Думаю, что тогда, к лету сорок шестого года, несмотря на фултонскую речь Черчилля, несмотря на начавшуюся с этой речи холодную войну, популярность Сталина была максимальной — не только у нас, но и во всем мире, по сравнению с любым другим моментом истории, через десятилетия которой проходило его имя. Сорок четвертый, сорок пятый, сорок шестой год, — можно даже, пожалуй, считать с сорок третьего, с пленения Паулюса и сталинградской катастрофы немецкой армии, — это был пик популярности Сталина, носившей, разумеется, разные характеры, разные оттенки, но являвшейся политической и общественной реальностью, с которой нигде и никто не мог не считаться.
Печатая свои стихи после XX съезда и после того, как, встречаясь со многими военными людьми и работая над романом «Живые и мертвые», я в чем-то самом главном определил для себя свое понимание Сталина и свое отношение к нему, я больше не включал в книги тех нескольких стихотворений, в которых шла речь о Сталине или упоминалось его имя.

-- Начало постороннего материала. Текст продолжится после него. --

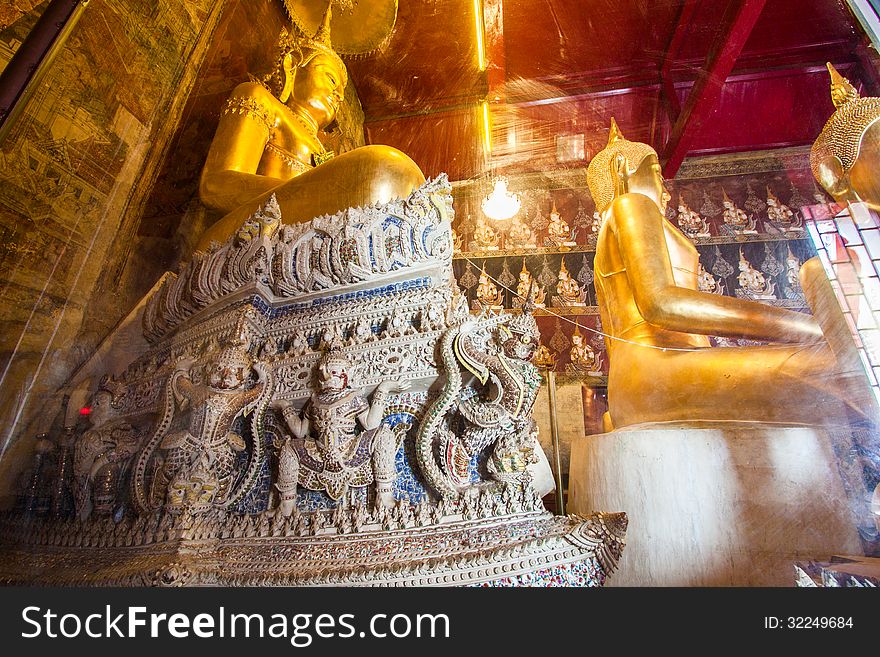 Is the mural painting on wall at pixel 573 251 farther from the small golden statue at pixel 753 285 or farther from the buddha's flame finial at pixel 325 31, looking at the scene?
the buddha's flame finial at pixel 325 31

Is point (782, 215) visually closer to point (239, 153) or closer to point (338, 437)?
point (338, 437)

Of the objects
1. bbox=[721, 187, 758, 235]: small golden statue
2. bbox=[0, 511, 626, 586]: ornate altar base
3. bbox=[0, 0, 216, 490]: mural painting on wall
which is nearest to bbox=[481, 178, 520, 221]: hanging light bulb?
bbox=[721, 187, 758, 235]: small golden statue

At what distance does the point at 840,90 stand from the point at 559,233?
1.13m

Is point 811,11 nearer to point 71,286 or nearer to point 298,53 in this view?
point 298,53

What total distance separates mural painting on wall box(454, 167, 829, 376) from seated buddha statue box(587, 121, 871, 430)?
0.34 meters

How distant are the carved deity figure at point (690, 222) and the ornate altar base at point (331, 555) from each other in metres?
2.11

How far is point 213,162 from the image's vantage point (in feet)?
5.21

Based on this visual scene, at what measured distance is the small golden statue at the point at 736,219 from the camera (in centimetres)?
192

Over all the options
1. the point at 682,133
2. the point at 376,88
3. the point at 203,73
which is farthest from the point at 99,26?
the point at 682,133

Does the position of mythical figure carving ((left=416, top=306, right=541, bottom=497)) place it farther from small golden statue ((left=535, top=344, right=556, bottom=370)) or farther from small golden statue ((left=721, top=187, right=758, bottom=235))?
small golden statue ((left=721, top=187, right=758, bottom=235))

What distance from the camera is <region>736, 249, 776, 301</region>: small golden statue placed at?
111 cm

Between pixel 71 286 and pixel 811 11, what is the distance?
218cm

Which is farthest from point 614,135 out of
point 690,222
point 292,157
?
point 292,157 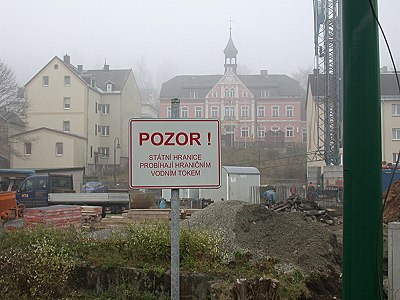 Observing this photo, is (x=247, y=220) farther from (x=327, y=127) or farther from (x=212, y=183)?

Я очень любил свои стихи «Речь моего друга Самеда Вургуна на обеде в Лондоне». На мой взгляд, это были одни из лучших моих стихов, написанных за всю жизнь, но, зная уже о Сталине все, что я узнал после пятьдесят шестого года, я не мог читать вслух последних строк этого стихотворения, где Сталин вставал как символ и образец интернационализма. Этот конец противоречил сложившимся у меня к этому времени представлениям о Сталине, а поправлять стихотворение, точнее, отсекать концовку считал безнравственным и больше никогда его не печатал.